= TOMCAT/SLIMCAT =

TOMCAT/SLIMCAT is a global three-dimensional off-line chemical transport model (CTM), which models the time-dependent distribution of chemical species in the troposphere and stratosphere. It can be used to study topics such as ozone depletion and tropospheric pollution; it is cited extensively in the WMO/UNEP Scientific Assessments of Ozone Depletion and was one of the models used the IPCC report on Aviation and the Global Atmosphere . It is also used as a benchmark for results from complex chemistry-climate model simulations. TOMCAT incorporates a choice of detailed chemistry and aerosol schemes for the troposphere or stratosphere, an optional chemical data assimilation scheme and can be used in inverse mode (INVICAT) to estimate trace gas emissions.

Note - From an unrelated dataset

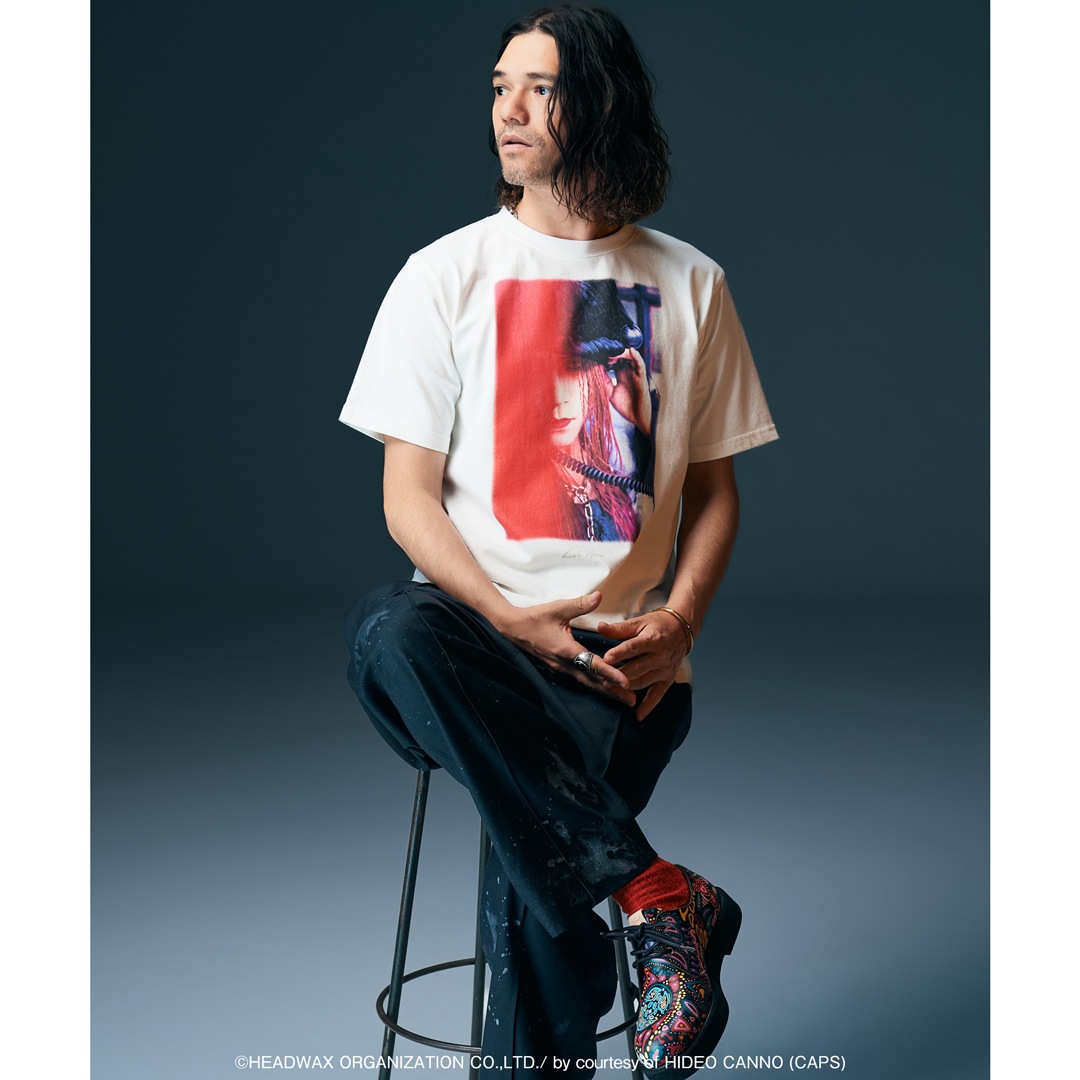 hide �� glamb hide Red Gradation T-Shirt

The model, originally called the Toulouse Off-line Model of Chemistry And Transport (TOMCAT), was created by Martyn Chipperfield while working at Météo France. Development of the model then followed Chipperfield to the Universities of Cambridge and now Leeds. Here "off-line" means that when the meteorological data (wind components and other fields) used to drive the CTM are derived from a general circulation model (GCM), the CTM is run as a separate program outside of the GCM; this is as distinct from a chemistry-climate simulation scheme which runs within a GCM, in which the simulated chemical distributions, e.g. of ozone, can provide feedback on the meteorology via the GCM's radiation scheme. In practice, the meteorology use to force the TOMCAT/SLIMCAT is now taken mainly from meteorological reanalyses so that the model can be easily compared with real-world observations - a real strength of CTMs. TOMCAT/SLIMCAT was used extensively to test the performance of prototype ECMWF reanalyses and to show their suitability for decadal CTM simulations.

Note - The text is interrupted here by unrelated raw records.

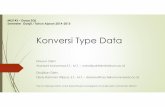 Konversi Type Data - dedyrw.staff.telkomuniversity.ac.id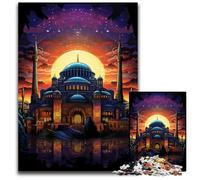 Rompecabezas de 1000 Piezas de Santa Sofía Turquía para Adultos decoración del hogar Juego de ingenio para Adolescentes y Familia 1000 Piezas (75x50cm)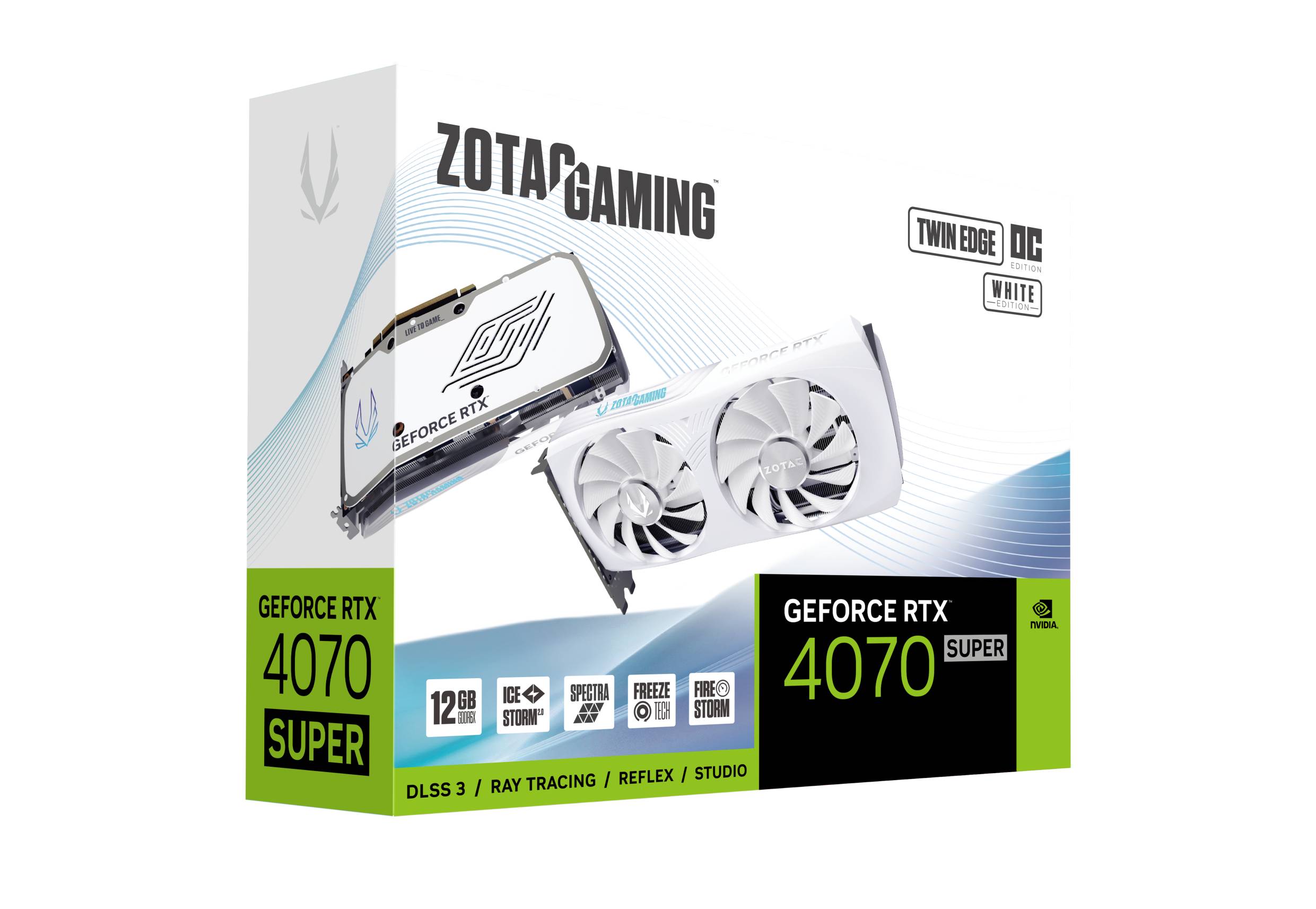 ZOTAC GAMING GeForce RTX 4070 Super Twin Edge OC White 12GB Grafikkarte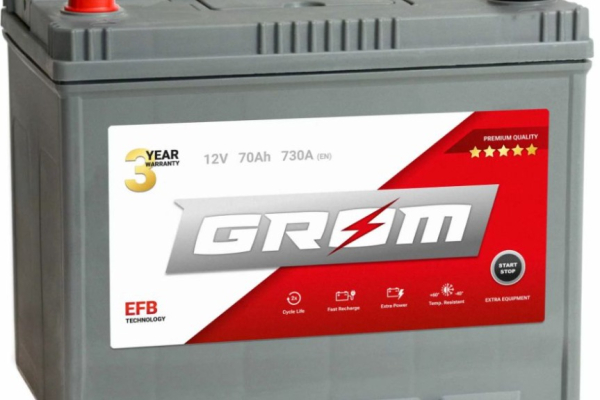 Ogłoszenie - Akumulator 70Ah 730A Grom Efb Start&Stop Japan Lewy Plus - Kalisz - 540,00 zł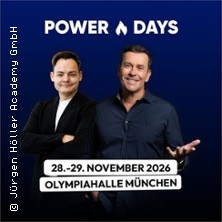 Power Days - J&uuml;rgen H&ouml;ller & Julian Otto | Das erfolgreichste Weiterbildungsevent Europas
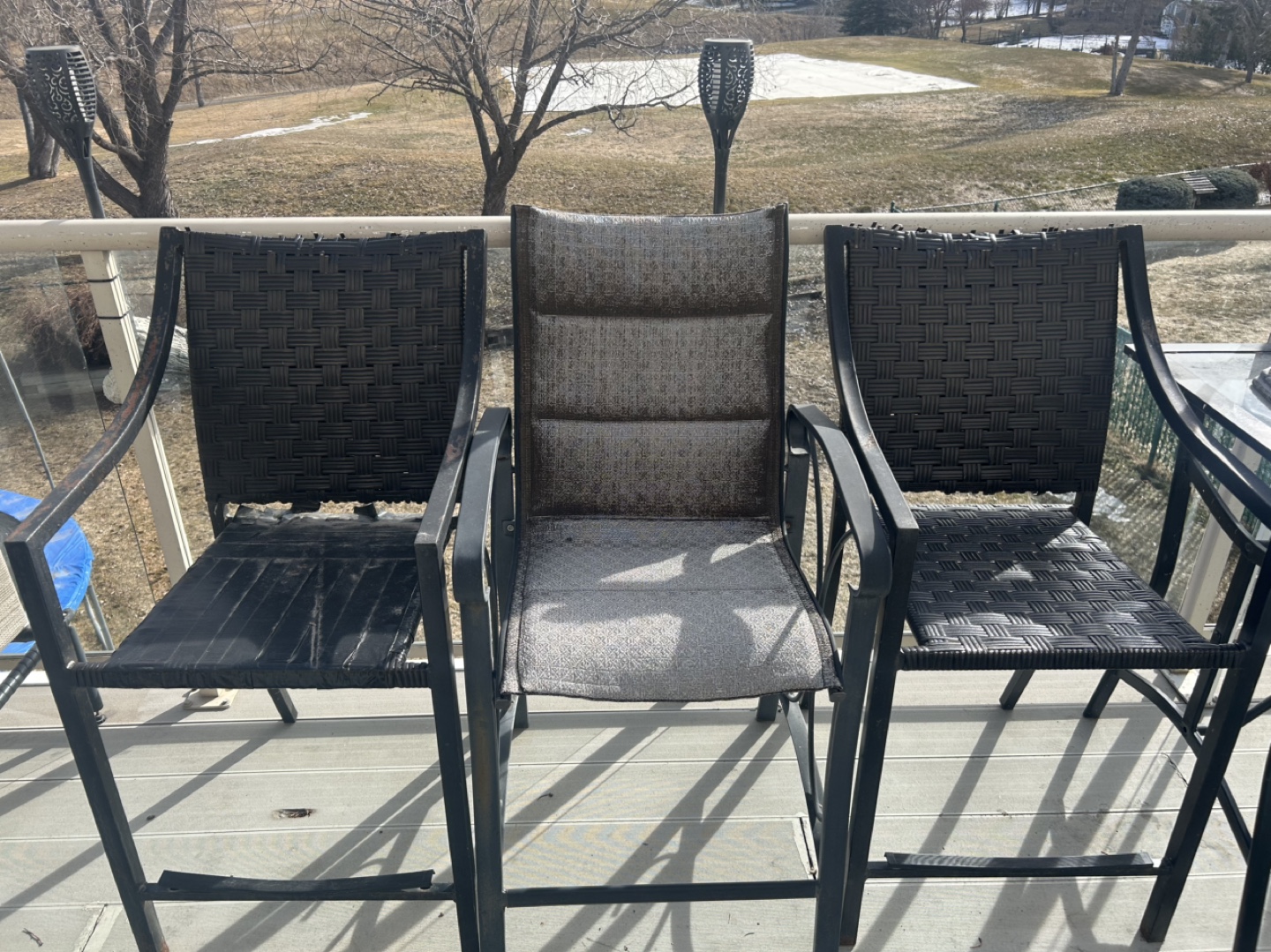 Red Leather Storage Ottoman & Patio Furniture Set - photo 2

To ease computational costs, Chipperfield developed a stripped-down version called the Single Layer Isentropic Model of Chemistry And Transport (SLIMCAT) in 1995. This used a level of constant potential temperature (or equivalently, of constant specific entropy, hence isentropic), exploiting the fact that due to approximate conservation of energy, atmospheric motions are approximately adiabatic and hence air parcels remain on isentropic levels on short timescales. A diabatic heating scheme was later added, to create an alternative full-stratosphere 3-D model with multiple isentropic levels with transport between them on longer (up to multi-decadal) timescales. The name "SLIMCAT" has remained despite the multiple levels.

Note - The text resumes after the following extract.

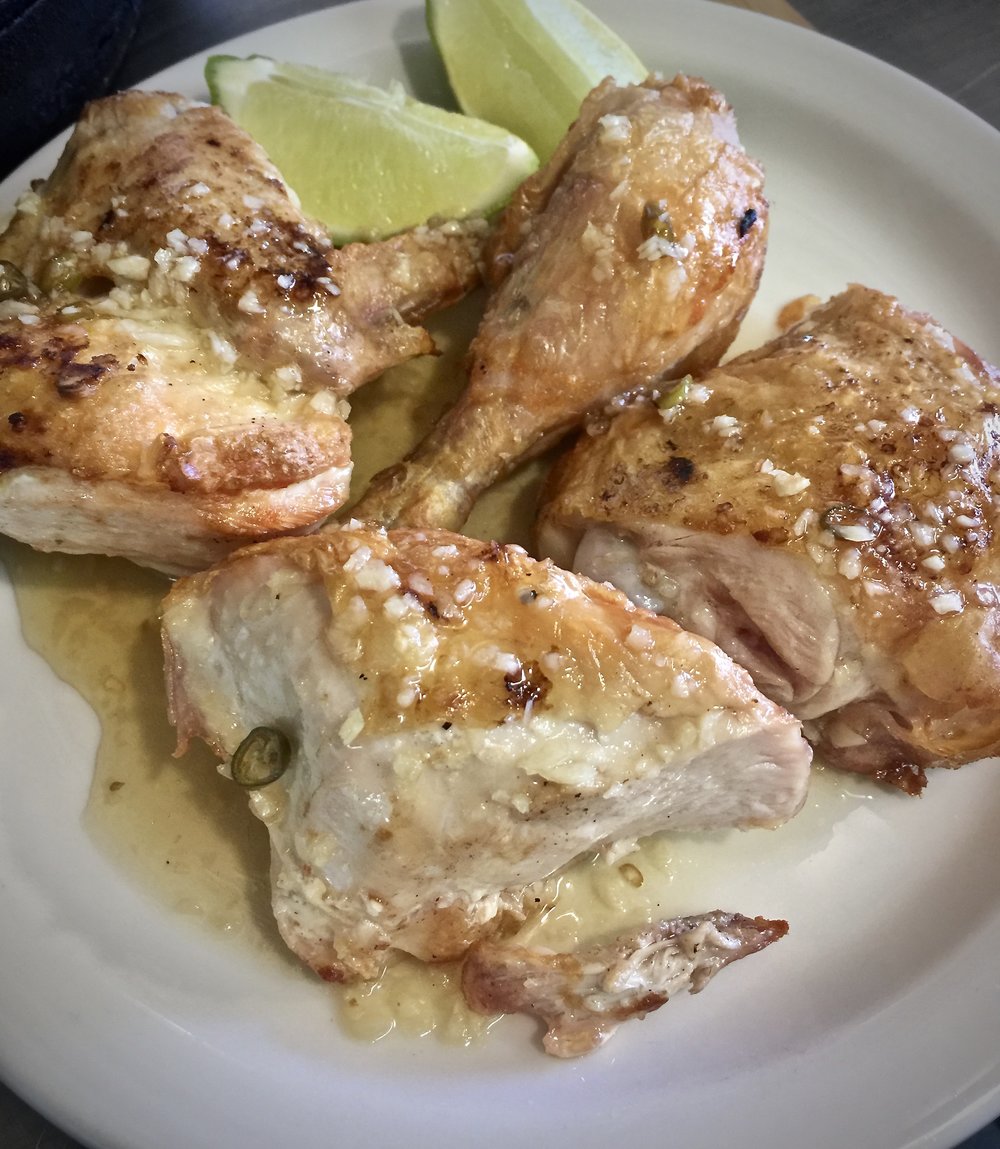 Grilled Chicken with Chili-Lime-Garlic Sauce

The two versions of the model were combined into the same library and are now maintained at the University of Leeds as a single code base, which runs in Fortran, and has been parallelised using Message Passing Interface (MPI) and OpenMP.

TOMCAT has been further extended to include a detailed treatment of aerosol. GLOMAP (Global Model of Aerosol Processes) simulates a wide range of aerosol species including black carbon, sulfate, sea spray, soil dust, and secondary organic aerosol. The primary purpose of TOMCAT-GLOMAP is to simulate aerosol radiative forcing and the impact of aerosol on climate. The GLOMAP aerosol code developed in the TOMCAT-GLOMAP CTM is now also used in the UK chemistry-climate-aerosol model UKCA.

TOMCAT is also used in inverse mode (INVICAT) to derive surface fluxes of greenhouse gases (GHGs) and halocarbons. INVICAT has been used to show that the Amazon is likely becoming an overall source of carbon to the atmosphere and that 'fracking' in the USA is likely increasing leaks of ethane and methane to the atmosphere.